O filme, porém, não é sobre o acidente em si, que foi reproduzido quase que integralmente a ponto de aviões sobrevoando o set a céu aberto terem informado sobre ele como se fosse real, mas sim sobre as consequências para Max Klein (Bridges) que emerge do milharal depois do acidente nos segundos iniciais do longa com um semblante pacífico, calmo, quase transcendental, dando a mão a um menino e segurando um bebê no colo que ele não demora a entregar para sua mãe. A figura de Klein em meio à tragédia transmite imediatamente estranheza a partir do contraste, com a destruição e a dor ao redor conflitando com um homem apenas um pouco sujo que, sem falar muito, pega um táxi ali mesmo e hospeda-se no hotel mais próximo, depois partindo, com um carro alugado, para uma viagem que ele mesmo descreve com sendo “para seu passado”, em que ele visita uma colega de escola que não via há 20 anos e com quem toma café da manhã em um diner comendo morangos, fruta a que ele sempre fora alérgico. Trata-se de um dos começos de filme mais marcantes e hipnotizantes que tive o prazer de assistir no audiovisual, com Bridges imediatamente construindo um personagem etéreo e fascinante que as lentes de Weir capturam com curiosidade, doçura e tranquilidade, criando uma mistura de messianismo com distanciamento da humanidade que chega a ser difícil de explicar.
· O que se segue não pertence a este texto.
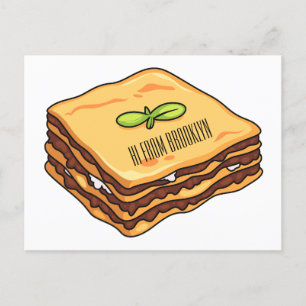 Lasagnas tecknad illustration vykort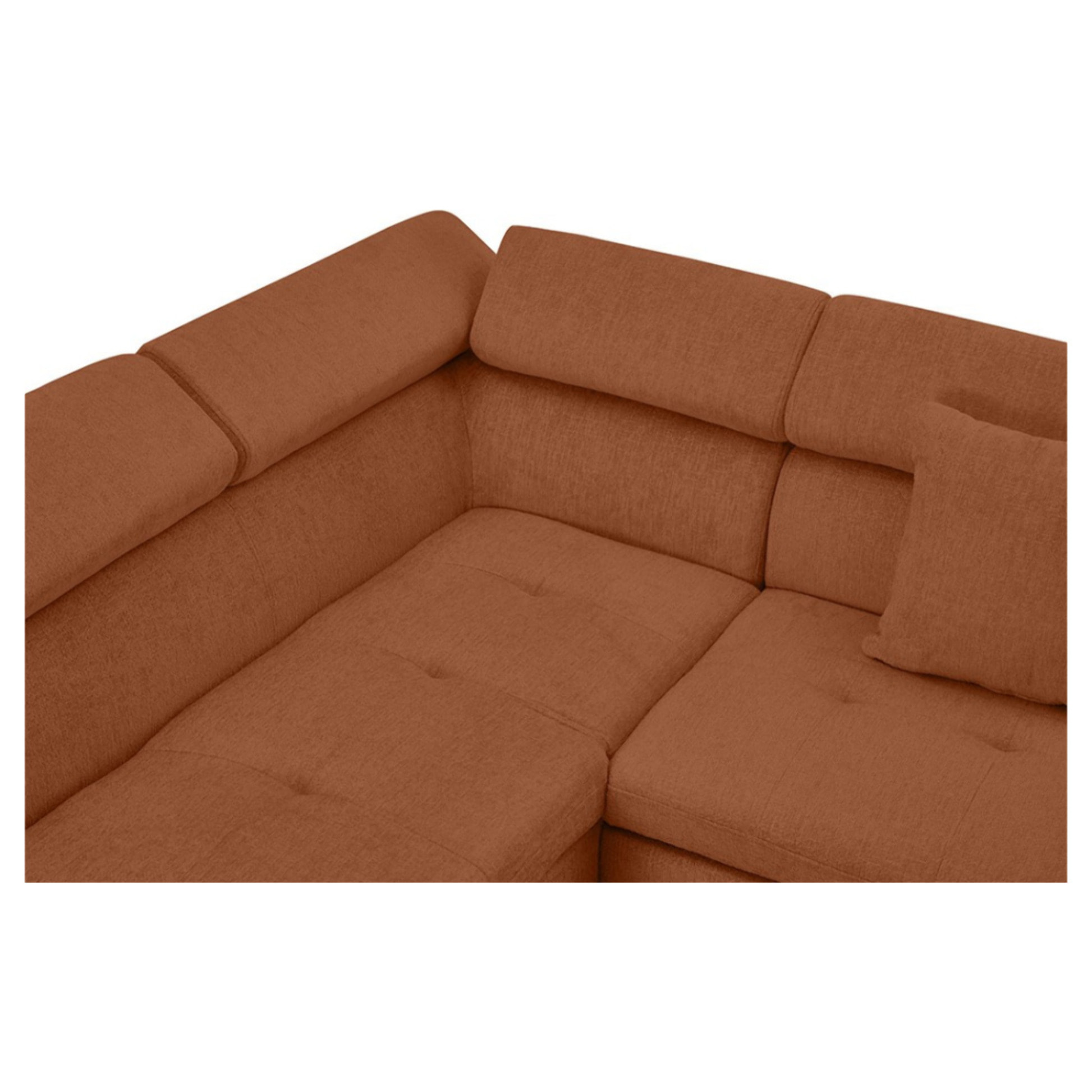 Margaux - Canapé d'angle gauche 5 places convertible avec coffre et têtières réglables en velours texturé - Terracotta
O que de melhor posso fazer é uma racionalização reducionista. Depois do acidente, Klein parece ter adentrado um outro plano de existência, um que altera profundamente sua personalidade, tornando-o destemido de um lado e afastado de sua vida anterior de outro, como se tudo o que importasse estivesse a frente e não atrás dele a ponto de a única conexão real que ele é capaz de estabelecer é com Carla Rodrigo (Rosie Pérez, que concorreu ao Oscar de Melhor Atriz Coadjuvante pelo papel), outra vítima do mesmo acidente que perdera seu filho pequeno nele. Os dois são apresentados pelo Dr. Bill Perlman (John Turturro), psiquiatra da companhia aérea, com o objetivo de fazer com que eles se ajudem, o que efetivamente acaba acontecendo, mas não exatamente da maneira que se espera, para consternação e confusão tanto de Laura (Isabella Rossellini), esposa do protagonista, quanto de Manny (Benicio del Toro), marido de Carla.
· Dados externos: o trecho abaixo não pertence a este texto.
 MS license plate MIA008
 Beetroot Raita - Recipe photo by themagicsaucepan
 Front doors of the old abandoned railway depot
A grande verdade é que o título original, cuja tradução é Destemido, assim como o título em português, são enganosos ou, pelo menos, parcialmente enganosos, já que o filme é eminentemente um estudo sobre a dor da perda, sobre o trauma profundo e Max Klein, mesmo não parecendo superficialmente ter sido afetado negativamente pelo ocorrido, inclusive sendo laureado como herói pelas vidas que salvou e ganhando o apelido de Bom Samaritano, revela-se como um homem que sim, para todos os efeitos práticos, morreu no acidente ou, talvez mais corretamente, parou de viver. Ele mesmo não se reconhece mais, não reconhece sua família e só estabelece rapport com alguém com quem compartilha o trauma, com todos os demais personagens que por vezes têm suas presenças exacerbadas demais, especialmente a do advogado Steven Brillstein (Tom Hulce que nunca realmente deixou de ser Amadeus), não sendo mais do que detalhes em sua nova vida. Mas é importante notar que seu destemor não vem de algo sobrenatural, mas sim de sua consciência de que nada pode afetar alguém que já morreu, que está quase que literalmente acima desse medo primal de que todos partilhamos em maior ou menor grau e, nessa condição, está também acima do amor, acima de temer pelo próximo. Se Carla chora e desespera-se pela perda do filho, algo muito mais facilmente compreensível, Max sorri, gargalha e vive por momentos como esse da imagem que usei para ilustrar a crítica em que ele está na vertiginosa beirada de um prédio.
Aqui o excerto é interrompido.